Selain itu, temuan lainnya berkaitan pemeriksaan dengan tujuan tertentu (PDTT) pada BUMN yang siginifikan lainnya yakni pemeriksaan atas pengelolaan rantai suplai dan pemeriksaan atas operasional BUMN. Hasil PDTT pada SKK Migas terkait kegiatan pengelolaan rantai suplai menyimpulkan kegiatan pengelolaan rantai suplai belum didukung dengan sistem pengendalian intern yang memadai serta belum sepenuhnya dilaksanakan sesuai peraturan perundangan. Sehingga permasalahan yang perlu mendapat perhatian yakni belum adanya standar atau norma, jenis, kategori, dan besaran biaya yang digunakan pada kegiatan operasi perminyakan di SMK Migas.
Menurutnya, permasalahan yang perlu mendapat perhatian pada pemeriksaan operasional BUMN di antaranya pengadaan proyek pipa pada proyek pemasangan pipa jalur Bitung-Cimanggis dan proyek pengembangan Duri-Dumai senilai USD 21,85 juta. "Serta pembangunan stasiun pengisian bahan bakar gas Batam senilai Rp 18,57 miliar yang belum dimanfaatkan pada PT PGN," katanya.
Dalam kesempatan itu, Harry juga mengatakan bahwa BPK telah mengungkap 5.810 temuan yang memuat 7.594 permasalahan yang meliputi 1.393 kelemahan Sistem Pengendalian Internal dan 6.201 permasalahan ketidakpatuhan kepada Undang-undang. Dari 6.201 permasalahan ketidakpatuhan tersebut sebanyak 1.968 berdampak finansial berupa pengembalian kas atau aset negara senilai Rp 12,59 triliun.

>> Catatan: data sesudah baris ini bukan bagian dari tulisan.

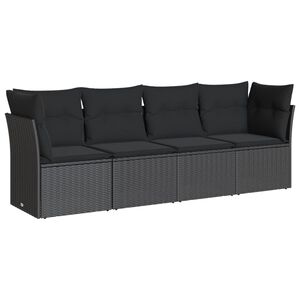 vidaXL 4-delige Loungeset met kussens poly rattan zwart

Jumlah itu terdiri atas permasalahan yang mengakibatkan kerugian negara sebanyak 1.205 permasalahan senilai Rp 1,37 triliun, berpotensi kerugian negara 329 permasalahan senilai Rp 6,55 triliun, dan kekurangan penerimaan sebanyak 434 permasalahan senilai Rp 4,66 triliun. "Atas ketidakpatuhan yang berdampak finansial itu, selama proses pemeriksaan entitas yang diperiksa telah menindaklanjuti dengan menyerahkan aset dan menyetor ke kas negara senilai Rp 130,78 miliar atau 1,03 persen," kata Harry.

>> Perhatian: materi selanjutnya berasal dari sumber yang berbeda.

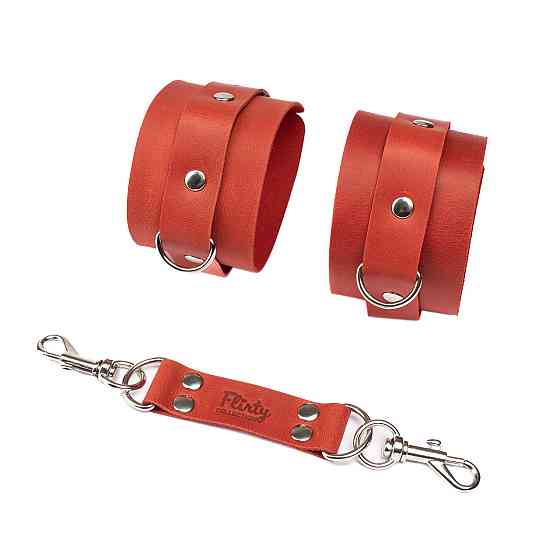 Наручники из натуральной кожи Flirty Leather - Red, KC00019 Sex Aura Киев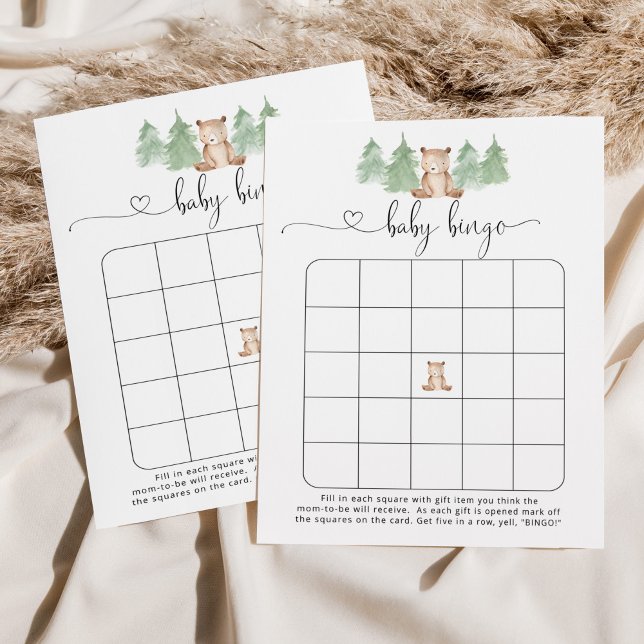 Woodland pine tree little bear bingo game (Creator Uploaded)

Adapun IHPS II Tahun 2016 merupakan ringkasan dari 604 Laporan Hasil Pemeriksaan (LHP) yang diselesaikan BPK pada semester II tahun 2016. LHP tersebut meliputi 81 LHP (13 persen) pada pemerintah pusat, 489 LHP (81 persen) pada pemerintah daerah dan BUMD, serta 34 LHP (6 persen) pada BUMN dan badan lainnya. Berdasarkan jenis pemeriksaan, LHP dimaksud terdiri atas 9 LHP (1 persen) keuangan, 316 LHP (53 persen) kinerja, dan 279 LHP (46 persen) dengan tujuan tertentu (PDTT).